It will be recognised that thermodynamically the ideal situation would be to complete the power stroke and then to move the heat exchanger relative to the piston 38 so that all of the combustion products are passed through the heat exchanger and are cooled thereby, thus resulting in a constant volume cooling step which is completed before allowing the gases to pass through the exhaust valve. However, the arrangement which is described in which over half of the exhaust products are cooled by passing through the heat exchanger in the last half of the power stroke leads to an improvement in efficiency compared with completing the power stroke and then allowing the gases to flow through the heat exchanger to exhaust while expanding to atmospheric pressure and so cooling by adiabatic expansion.
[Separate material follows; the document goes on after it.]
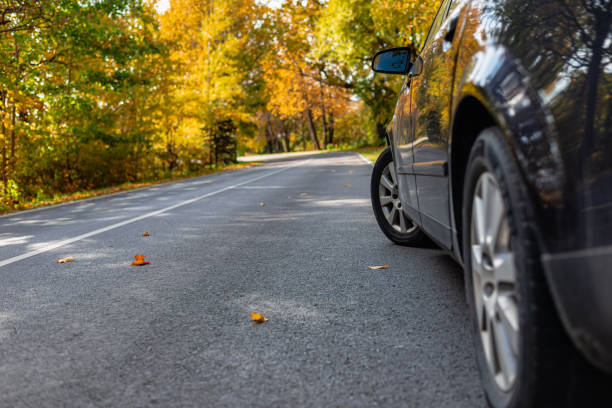 istock Car on asphalt road on autumn day at forest or park.Selective focus,copy space. 1962636969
A further alternative engine construction embodying the same operating principles as the previous two examples is shown in FIG. 9, and comprises an engine block 61 having therein a pair of parallel cylinders 62, 63 both closed at one end by a cylinder head 64. Slidably received within the cylinder 62 is a piston 65, a similar piston 66 being slidably received within the cylinder 63. The pistons 65 and 66 are each connected, by way of respective connecting rods, to a common crank shaft, and are arranged to be out of phase with one another, with the piston 66 trailing the piston 65 by between 50° and 90° of crank shaft rotation. The choice of angular displacement between the piston 65 and 66 is determined by the required compression ratio of the engine, the compression ratio with 50° displacement being 10:1, and being 5:1 with 90° displacement. In the example illustrated in FIG. 9 the piston 66 trails the piston 65 by 70° of crank shaft rotation. The position shown in FIG. 9 is with the piston 65 at top dead centre, and the piston 66 thus at 70° before top dead centre.
The cylinder head 64 contains an air inlet valve 67 whereby air can enter the cylinder 62, and a similar air inlet valve 68 whereby air can enter the cylinder 63. Associated with the cylinder 63 the cylinder head 64 also supports a transfer valve 69 and positioned within the cylinder head are a heat exchanger chamber 71 and a swirl chamber 72. A regenerative heat exchanger 73 is housed within the chamber 71 the hot face 73a of the heat exchanger 73 communicating with the swirl chamber 72 and the cold face 73b communicating with the transfer valve 69. Adjacent the cold face of the heat exchanger 73 the chamber 71 is provided with an exhaust passage 74 controlled by an exhaust valve 65. The swirl chamber 72 also communicates by way of a passage 76 with the cylinder 62, and a fuel injector 77 can inject fuel into the swirl chamber 72. A by-pass passage 78 connects the upper end of the cylinder 62 with a point intermediate the ends of the cylinder 63, and a similar by-pass passage 79 connect the upper end of the cylinder 63 with a point intermediate the ends of the cylinder 62.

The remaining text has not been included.